Would you mind restating all of the records word for word, skipping the pictures?
Material for this task section start
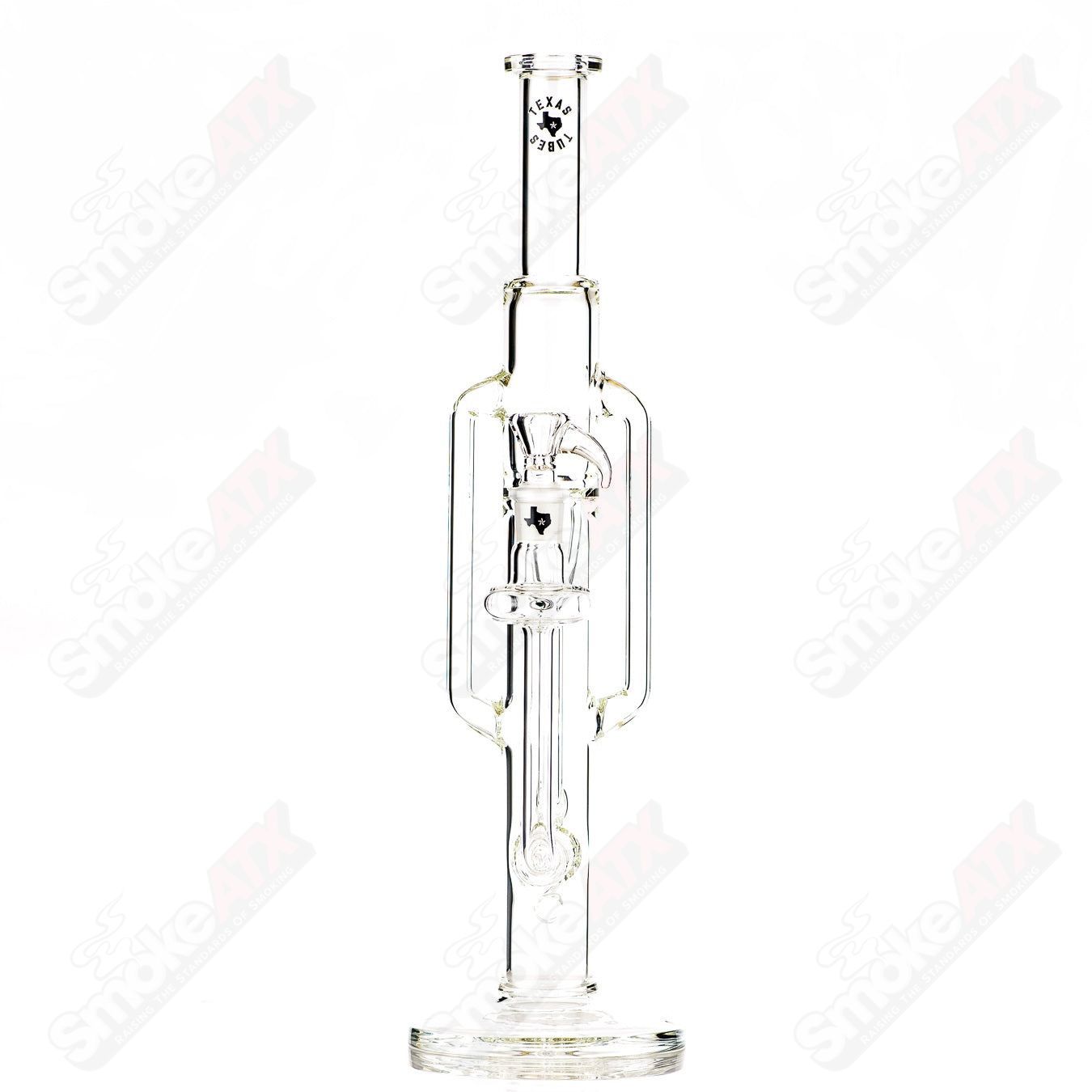18-inch Texas Tubes Klein Recycler glass bong with twin 18mm uptake tubes and a sleek design for smooth smoking experience.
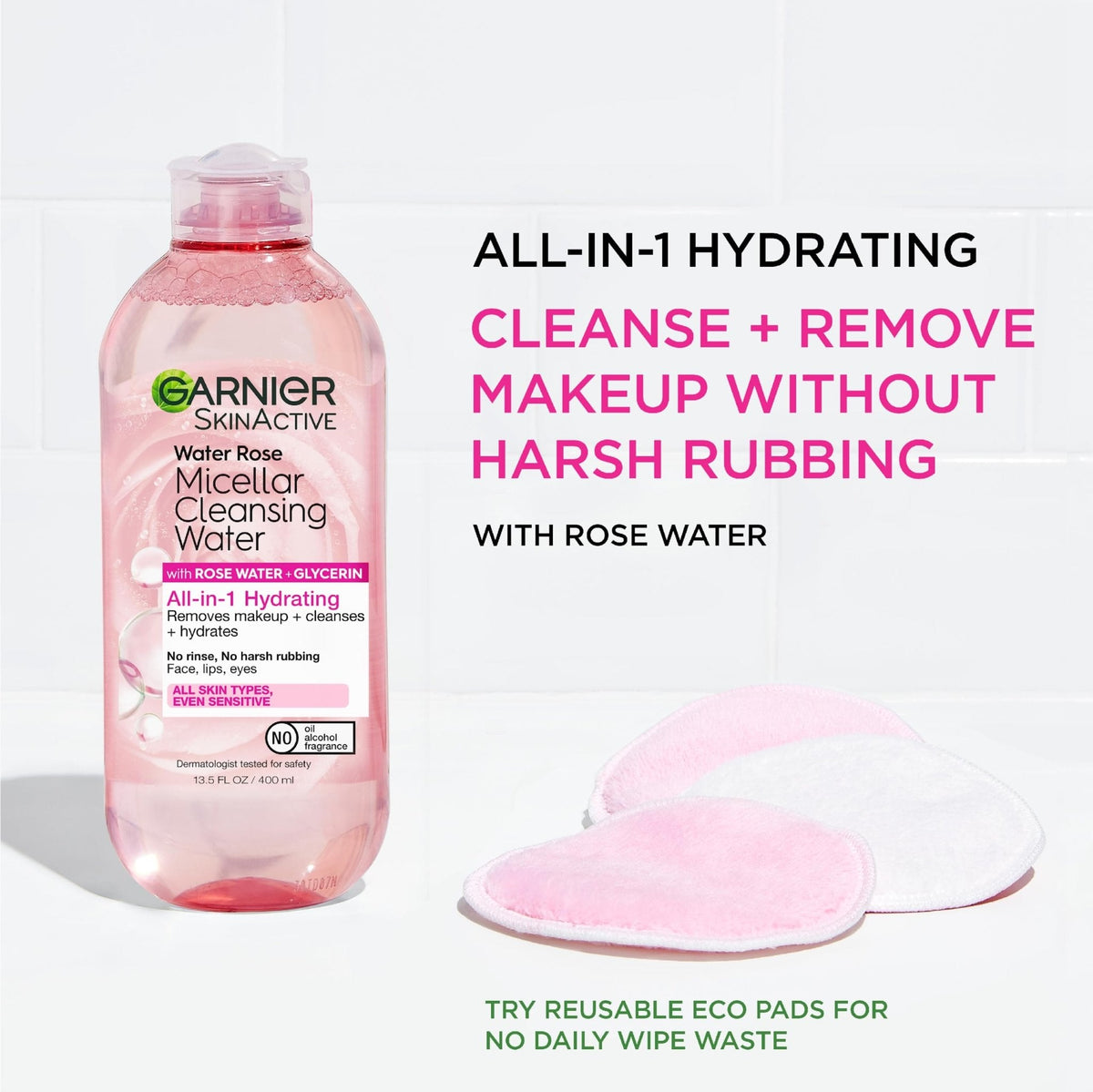 Garnier Micellar Water with Rose Water and Glycerin, Hydrating Facial Cleanser & Makeup Remover, For All Skin Types - Maple Wellness Supplements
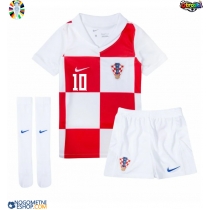 Otroški Nogometni dresi Hrvaška Luka Modric #10 Domači EP 2024 Kratek Rokav (+ Kratke hlače)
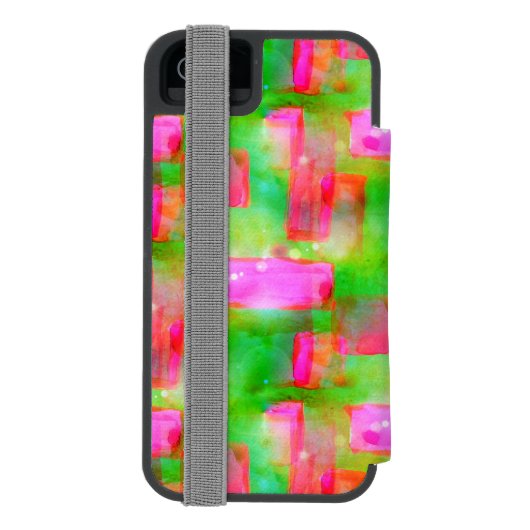 Zonlicht abstract geverfd geel, roze incipio iPhone portemonnee hoesje (Agenda Achterkant)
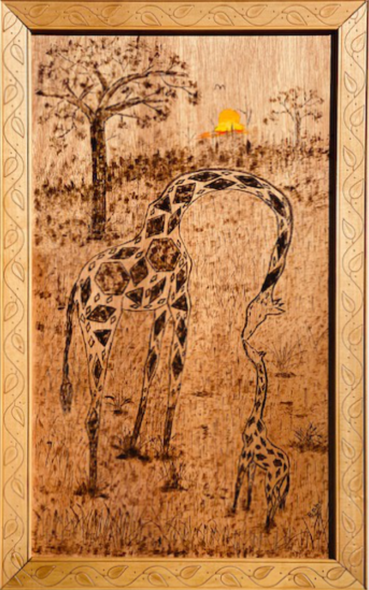 Babs Mohammed Title: Giraffe with Baby Call Sweet Mother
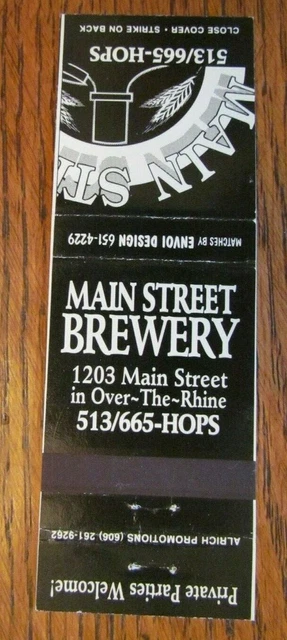 Main Street Brewery Brew Pub Matchbook Matchcover (Cincinnati, Ohio) -E1 2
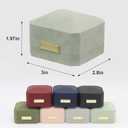 FINGHU Exquisite Wedding Ring Box Small Jewelry Organizer Portable Travel Jewelry Box Jewelry Gift Box for Business,Engagement, Wedding, Mother's Day -Light Green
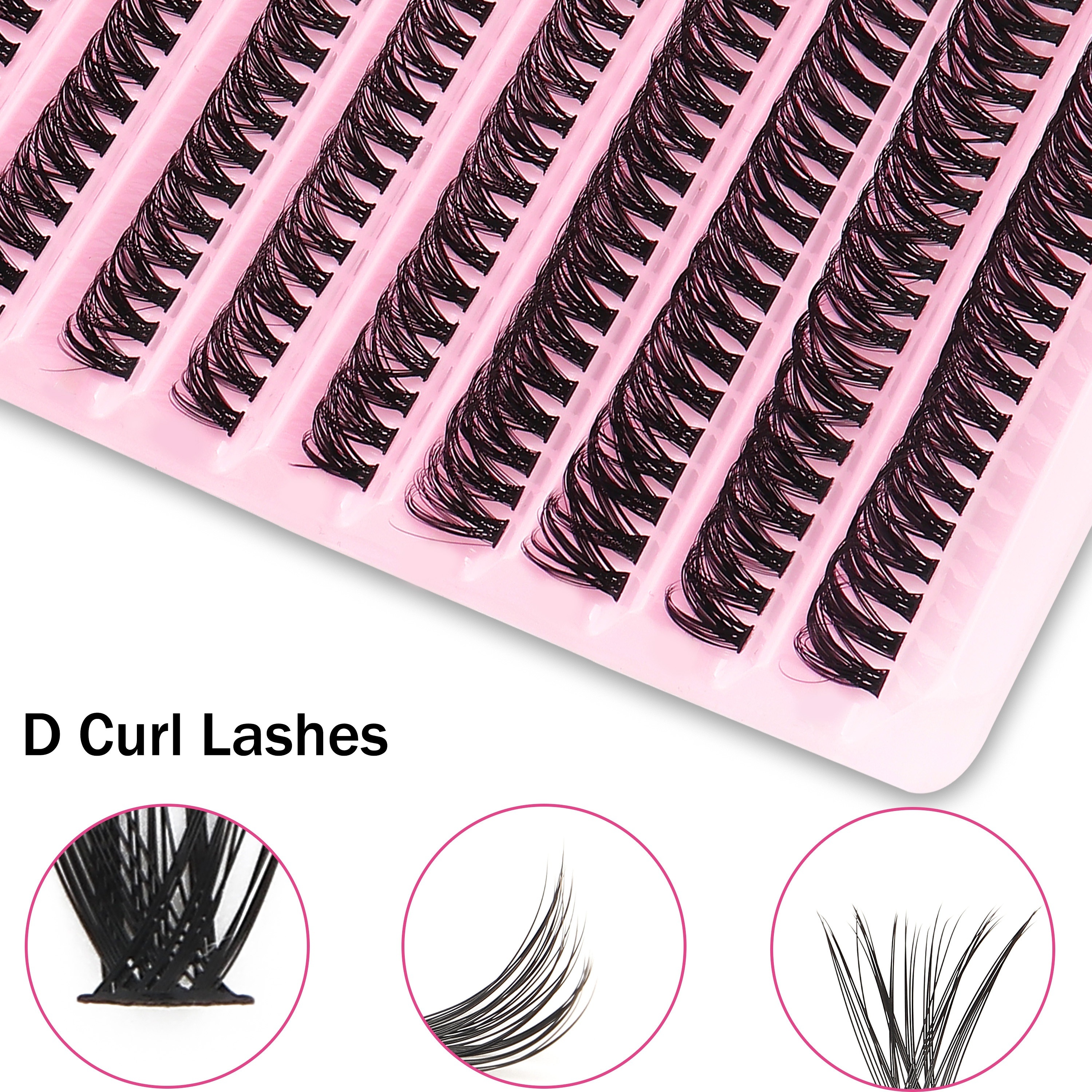 40D Volume Eyelash Extensions DIY Kit, 0.05mm Thickness, Mixed Length 8-16mm, D Curl Natural & Bold Anime Look,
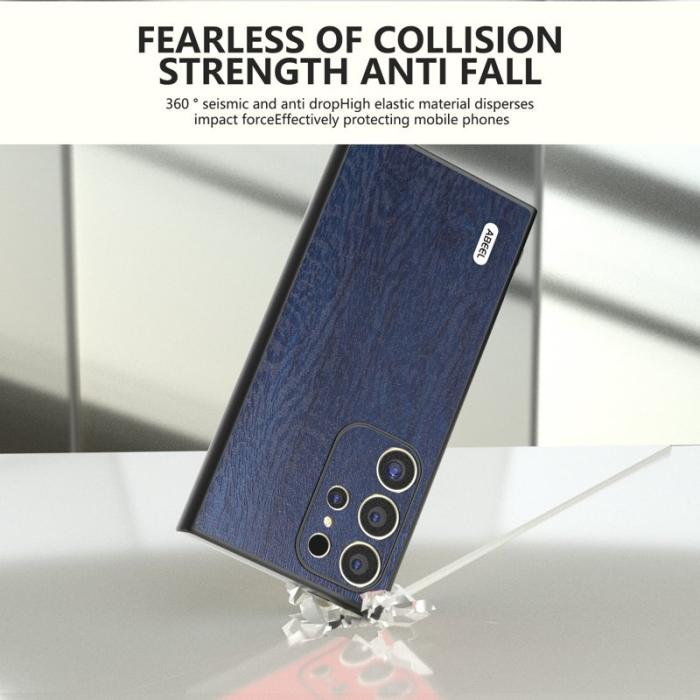 ABEEL - ABEEL Samsung Galaxy S24 Ultra Skal Trätextur Läder Blå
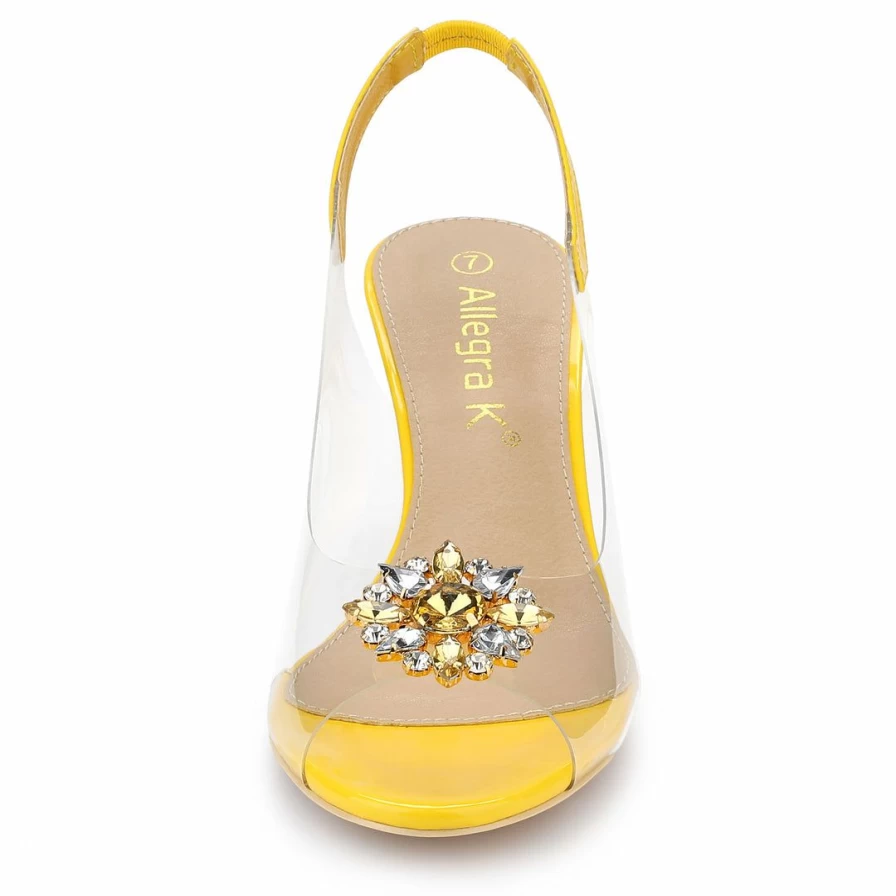 Women's Rhinestone Clear Wedge Heel Sandals - Sparkling Transparent Summer Dress Shoes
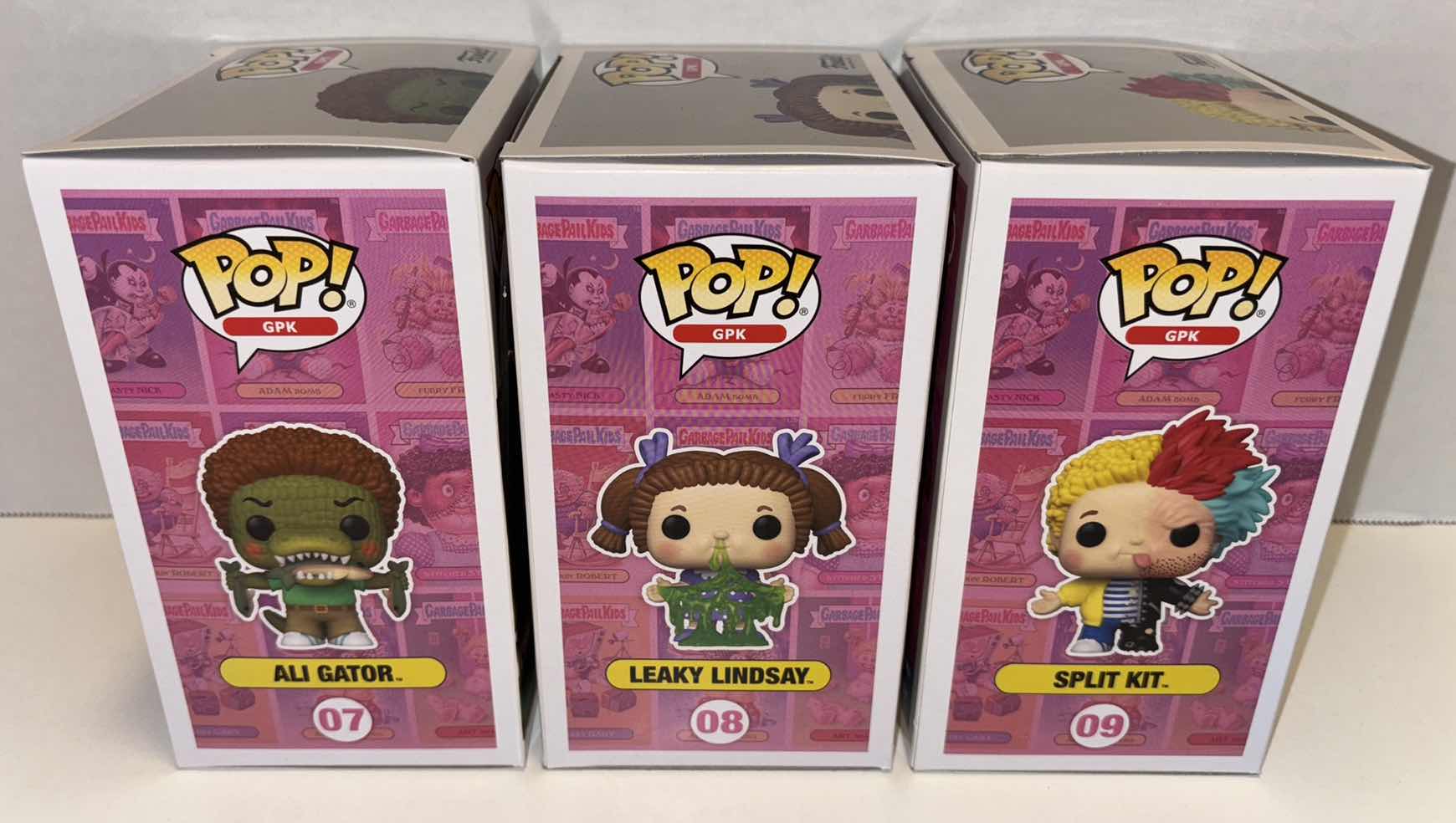 Photo 2 of NEW FUNKO POP! GARBAGE PAIL KIDS VINYL FIGURE MICED 6-PACK, #07 ALI GATOR (2), #08 LEAKY LINDSAY (2) & #09 SPLIT KIT (2)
Material for this task section end
**Answer to this task:**
18-inch Texas Tubes Klein Recycler glass bong with twin 18mm uptake tubes and a sleek design for smooth smoking experience.
 Garnier Micellar Water with Rose Water and Glycerin, Hydrating Facial Cleanser & Makeup Remover, For All Skin Types - Maple Wellness Supplements
 Otroški Nogometni dresi Hrvaška Luka Modric #10 Domači EP 2024 Kratek Rokav (+ Kratke hlače)
 Zonlicht abstract geverfd geel, roze incipio iPhone portemonnee hoesje (Agenda Achterkant)
 Babs Mohammed Title: Giraffe with Baby Call Sweet Mother
 Main Street Brewery Brew Pub Matchbook Matchcover (Cincinnati, Ohio) -E1 2
 FINGHU Exquisite Wedding Ring Box Small Jewelry Organizer Portable Travel Jewelry Box Jewelry Gift Box for Business,Engagement, Wedding, Mother's Day -Light Green
 40D Volume Eyelash Extensions DIY Kit, 0.05mm Thickness, Mixed Length 8-16mm, D Curl Natural & Bold Anime Look,
 ABEEL - ABEEL Samsung Galaxy S24 Ultra Skal Trätextur Läder Blå
 Women's Rhinestone Clear Wedge Heel Sandals - Sparkling Transparent Summer Dress Shoes
 Photo 2 of NEW FUNKO POP! GARBAGE PAIL KIDS VINYL FIGURE MICED 6-PACK, #07 ALI GATOR (2), #08 LEAKY LINDSAY (2) & #09 SPLIT KIT (2)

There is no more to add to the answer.